▸ **ABOUT THIS TASK**:
Extract, unchanged, every line from the top of the material below through the line with "9335 Falling Oak", and no more.
┌──
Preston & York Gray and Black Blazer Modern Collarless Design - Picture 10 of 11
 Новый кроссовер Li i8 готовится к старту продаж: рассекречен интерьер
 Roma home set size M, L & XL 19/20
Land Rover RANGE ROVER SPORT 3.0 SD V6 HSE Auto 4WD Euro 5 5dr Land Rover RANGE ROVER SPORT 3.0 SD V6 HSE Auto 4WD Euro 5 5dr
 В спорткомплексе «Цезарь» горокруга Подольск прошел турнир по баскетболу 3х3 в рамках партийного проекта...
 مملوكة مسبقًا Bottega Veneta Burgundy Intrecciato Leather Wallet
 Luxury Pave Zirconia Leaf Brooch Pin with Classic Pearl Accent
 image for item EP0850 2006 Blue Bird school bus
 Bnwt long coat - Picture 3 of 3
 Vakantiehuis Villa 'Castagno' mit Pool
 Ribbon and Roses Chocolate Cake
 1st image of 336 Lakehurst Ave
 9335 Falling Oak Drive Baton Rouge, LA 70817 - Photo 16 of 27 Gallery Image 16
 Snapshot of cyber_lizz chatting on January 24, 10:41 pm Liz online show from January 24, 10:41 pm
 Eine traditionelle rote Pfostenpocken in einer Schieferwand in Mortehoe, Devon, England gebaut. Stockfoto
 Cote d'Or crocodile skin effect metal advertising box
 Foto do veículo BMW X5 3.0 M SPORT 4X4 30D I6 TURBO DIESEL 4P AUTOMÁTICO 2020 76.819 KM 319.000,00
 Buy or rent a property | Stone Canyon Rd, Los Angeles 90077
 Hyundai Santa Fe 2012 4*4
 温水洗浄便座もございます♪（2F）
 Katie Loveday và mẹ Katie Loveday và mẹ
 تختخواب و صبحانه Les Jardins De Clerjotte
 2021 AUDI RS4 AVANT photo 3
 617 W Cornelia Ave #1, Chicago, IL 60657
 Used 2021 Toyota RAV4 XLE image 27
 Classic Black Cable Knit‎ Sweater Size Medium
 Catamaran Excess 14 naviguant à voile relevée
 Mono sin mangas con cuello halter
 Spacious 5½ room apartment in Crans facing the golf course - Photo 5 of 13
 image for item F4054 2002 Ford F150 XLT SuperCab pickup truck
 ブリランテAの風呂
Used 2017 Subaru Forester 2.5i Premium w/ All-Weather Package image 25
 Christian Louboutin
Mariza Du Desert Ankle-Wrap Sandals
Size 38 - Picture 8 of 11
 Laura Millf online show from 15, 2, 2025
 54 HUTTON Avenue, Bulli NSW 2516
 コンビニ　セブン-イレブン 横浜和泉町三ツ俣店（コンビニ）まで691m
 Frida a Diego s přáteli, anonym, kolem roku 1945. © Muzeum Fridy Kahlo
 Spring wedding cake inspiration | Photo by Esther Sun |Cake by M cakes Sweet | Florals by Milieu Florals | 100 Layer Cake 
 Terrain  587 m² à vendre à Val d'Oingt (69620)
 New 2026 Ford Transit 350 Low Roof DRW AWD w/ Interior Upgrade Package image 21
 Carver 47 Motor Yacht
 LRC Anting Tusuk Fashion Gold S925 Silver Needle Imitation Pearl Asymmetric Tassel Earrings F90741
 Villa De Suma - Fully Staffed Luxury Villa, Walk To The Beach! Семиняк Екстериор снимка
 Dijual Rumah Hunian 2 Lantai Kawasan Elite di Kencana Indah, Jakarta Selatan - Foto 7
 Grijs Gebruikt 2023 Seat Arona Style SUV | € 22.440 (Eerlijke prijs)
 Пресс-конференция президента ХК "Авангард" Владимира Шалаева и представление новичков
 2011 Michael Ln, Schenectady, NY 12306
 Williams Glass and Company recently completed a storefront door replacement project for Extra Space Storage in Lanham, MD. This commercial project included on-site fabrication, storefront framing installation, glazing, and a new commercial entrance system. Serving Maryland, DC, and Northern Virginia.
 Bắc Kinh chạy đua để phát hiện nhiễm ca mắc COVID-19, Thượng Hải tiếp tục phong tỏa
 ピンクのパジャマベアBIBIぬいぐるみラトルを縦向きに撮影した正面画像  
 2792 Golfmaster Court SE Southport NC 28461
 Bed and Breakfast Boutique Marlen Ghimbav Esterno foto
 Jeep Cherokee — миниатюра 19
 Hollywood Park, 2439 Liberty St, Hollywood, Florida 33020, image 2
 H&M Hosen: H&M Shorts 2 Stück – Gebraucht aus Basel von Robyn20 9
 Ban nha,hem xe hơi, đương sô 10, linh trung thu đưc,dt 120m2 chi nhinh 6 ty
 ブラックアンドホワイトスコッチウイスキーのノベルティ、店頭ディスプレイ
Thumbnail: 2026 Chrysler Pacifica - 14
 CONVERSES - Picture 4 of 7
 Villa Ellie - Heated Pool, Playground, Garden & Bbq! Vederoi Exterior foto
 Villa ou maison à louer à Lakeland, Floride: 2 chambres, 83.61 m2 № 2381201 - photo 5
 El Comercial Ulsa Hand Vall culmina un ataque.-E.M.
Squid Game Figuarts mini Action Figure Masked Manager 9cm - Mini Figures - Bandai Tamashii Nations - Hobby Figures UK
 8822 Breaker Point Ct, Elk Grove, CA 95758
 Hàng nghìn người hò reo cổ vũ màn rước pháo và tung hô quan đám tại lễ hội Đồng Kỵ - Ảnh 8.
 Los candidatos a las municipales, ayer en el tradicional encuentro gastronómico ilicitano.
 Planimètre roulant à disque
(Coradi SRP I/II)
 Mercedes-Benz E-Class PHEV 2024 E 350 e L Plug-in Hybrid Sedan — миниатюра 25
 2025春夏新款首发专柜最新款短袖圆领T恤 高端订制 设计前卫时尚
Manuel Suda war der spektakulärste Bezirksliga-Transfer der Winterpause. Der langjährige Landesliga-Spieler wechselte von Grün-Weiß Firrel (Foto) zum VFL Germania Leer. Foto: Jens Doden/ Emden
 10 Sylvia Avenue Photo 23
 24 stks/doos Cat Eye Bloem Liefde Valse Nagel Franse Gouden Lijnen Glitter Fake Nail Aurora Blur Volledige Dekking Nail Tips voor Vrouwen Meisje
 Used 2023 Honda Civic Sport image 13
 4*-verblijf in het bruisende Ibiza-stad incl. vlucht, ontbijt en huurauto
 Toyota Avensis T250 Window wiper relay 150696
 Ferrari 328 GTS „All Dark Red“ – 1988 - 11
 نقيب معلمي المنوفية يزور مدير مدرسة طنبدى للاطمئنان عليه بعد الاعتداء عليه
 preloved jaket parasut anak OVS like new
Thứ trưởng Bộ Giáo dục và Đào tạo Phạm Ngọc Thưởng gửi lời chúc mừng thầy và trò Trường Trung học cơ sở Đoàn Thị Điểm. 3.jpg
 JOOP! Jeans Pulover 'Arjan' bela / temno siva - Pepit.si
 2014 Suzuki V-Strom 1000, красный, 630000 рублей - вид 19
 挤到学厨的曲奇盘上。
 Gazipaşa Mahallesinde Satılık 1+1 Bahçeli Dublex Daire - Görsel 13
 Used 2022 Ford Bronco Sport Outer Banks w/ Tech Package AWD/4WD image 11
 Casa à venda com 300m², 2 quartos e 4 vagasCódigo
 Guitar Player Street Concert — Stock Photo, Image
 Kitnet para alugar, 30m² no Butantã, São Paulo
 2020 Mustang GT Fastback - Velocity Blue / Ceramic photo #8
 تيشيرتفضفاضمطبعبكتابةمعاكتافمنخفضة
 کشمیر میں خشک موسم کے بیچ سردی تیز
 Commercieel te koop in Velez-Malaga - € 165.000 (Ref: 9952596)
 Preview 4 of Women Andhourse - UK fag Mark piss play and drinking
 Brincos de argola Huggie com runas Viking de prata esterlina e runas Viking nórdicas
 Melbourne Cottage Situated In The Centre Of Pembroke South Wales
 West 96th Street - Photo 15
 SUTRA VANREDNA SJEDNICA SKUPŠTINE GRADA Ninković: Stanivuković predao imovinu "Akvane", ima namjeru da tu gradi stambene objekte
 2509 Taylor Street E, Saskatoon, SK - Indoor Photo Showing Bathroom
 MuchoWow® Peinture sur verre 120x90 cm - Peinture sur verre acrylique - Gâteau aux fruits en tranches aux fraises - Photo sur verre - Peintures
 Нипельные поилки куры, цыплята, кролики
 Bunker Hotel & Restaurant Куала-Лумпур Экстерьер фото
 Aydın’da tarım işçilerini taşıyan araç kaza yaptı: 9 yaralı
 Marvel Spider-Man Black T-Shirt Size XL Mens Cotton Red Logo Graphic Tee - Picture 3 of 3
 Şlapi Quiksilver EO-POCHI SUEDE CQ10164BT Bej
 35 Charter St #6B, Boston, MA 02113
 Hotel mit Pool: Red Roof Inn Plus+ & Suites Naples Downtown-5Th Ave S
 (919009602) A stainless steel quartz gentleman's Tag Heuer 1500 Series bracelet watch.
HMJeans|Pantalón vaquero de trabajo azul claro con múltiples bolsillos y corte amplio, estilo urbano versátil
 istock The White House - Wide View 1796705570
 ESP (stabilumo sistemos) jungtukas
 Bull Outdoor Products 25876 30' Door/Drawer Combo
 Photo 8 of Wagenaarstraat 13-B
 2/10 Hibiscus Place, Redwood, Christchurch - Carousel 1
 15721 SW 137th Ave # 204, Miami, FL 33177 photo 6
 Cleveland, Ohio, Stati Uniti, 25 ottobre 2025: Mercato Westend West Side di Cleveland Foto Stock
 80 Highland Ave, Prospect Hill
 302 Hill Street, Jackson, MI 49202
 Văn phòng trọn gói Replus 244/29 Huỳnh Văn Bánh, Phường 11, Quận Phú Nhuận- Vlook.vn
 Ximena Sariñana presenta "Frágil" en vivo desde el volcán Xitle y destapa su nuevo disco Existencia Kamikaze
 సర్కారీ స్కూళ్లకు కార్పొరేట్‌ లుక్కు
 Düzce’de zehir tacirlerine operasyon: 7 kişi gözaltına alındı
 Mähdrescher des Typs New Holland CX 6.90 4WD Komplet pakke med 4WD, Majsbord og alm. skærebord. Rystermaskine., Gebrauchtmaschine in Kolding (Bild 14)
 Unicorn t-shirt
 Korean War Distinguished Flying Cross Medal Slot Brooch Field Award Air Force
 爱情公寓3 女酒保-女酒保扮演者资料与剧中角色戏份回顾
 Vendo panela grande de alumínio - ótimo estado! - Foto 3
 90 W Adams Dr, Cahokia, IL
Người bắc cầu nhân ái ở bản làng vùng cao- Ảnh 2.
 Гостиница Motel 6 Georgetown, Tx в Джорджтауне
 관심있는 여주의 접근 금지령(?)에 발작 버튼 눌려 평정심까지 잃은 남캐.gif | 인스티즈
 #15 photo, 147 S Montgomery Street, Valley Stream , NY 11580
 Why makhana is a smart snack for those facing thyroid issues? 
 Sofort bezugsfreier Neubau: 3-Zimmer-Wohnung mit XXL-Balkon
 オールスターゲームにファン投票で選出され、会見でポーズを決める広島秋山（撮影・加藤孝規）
└──
▸ **RESULT OF THIS TASK**:
Preston & York Gray and Black Blazer Modern Collarless Design - Picture 10 of 11
 Новый кроссовер Li i8 готовится к старту продаж: рассекречен интерьер
 Roma home set size M, L & XL 19/20
Land Rover RANGE ROVER SPORT 3.0 SD V6 HSE Auto 4WD Euro 5 5dr Land Rover RANGE ROVER SPORT 3.0 SD V6 HSE Auto 4WD Euro 5 5dr
 В спорткомплексе «Цезарь» горокруга Подольск прошел турнир по баскетболу 3х3 в рамках партийного проекта...
 مملوكة مسبقًا Bottega Veneta Burgundy Intrecciato Leather Wallet
 Luxury Pave Zirconia Leaf Brooch Pin with Classic Pearl Accent
 image for item EP0850 2006 Blue Bird school bus
 Bnwt long coat - Picture 3 of 3
 Vakantiehuis Villa 'Castagno' mit Pool
 Ribbon and Roses Chocolate Cake
 1st image of 336 Lakehurst Ave
 9335 Falling Oak Drive Baton Rouge, LA 70817 - Photo 16 of 27 Gallery Image 16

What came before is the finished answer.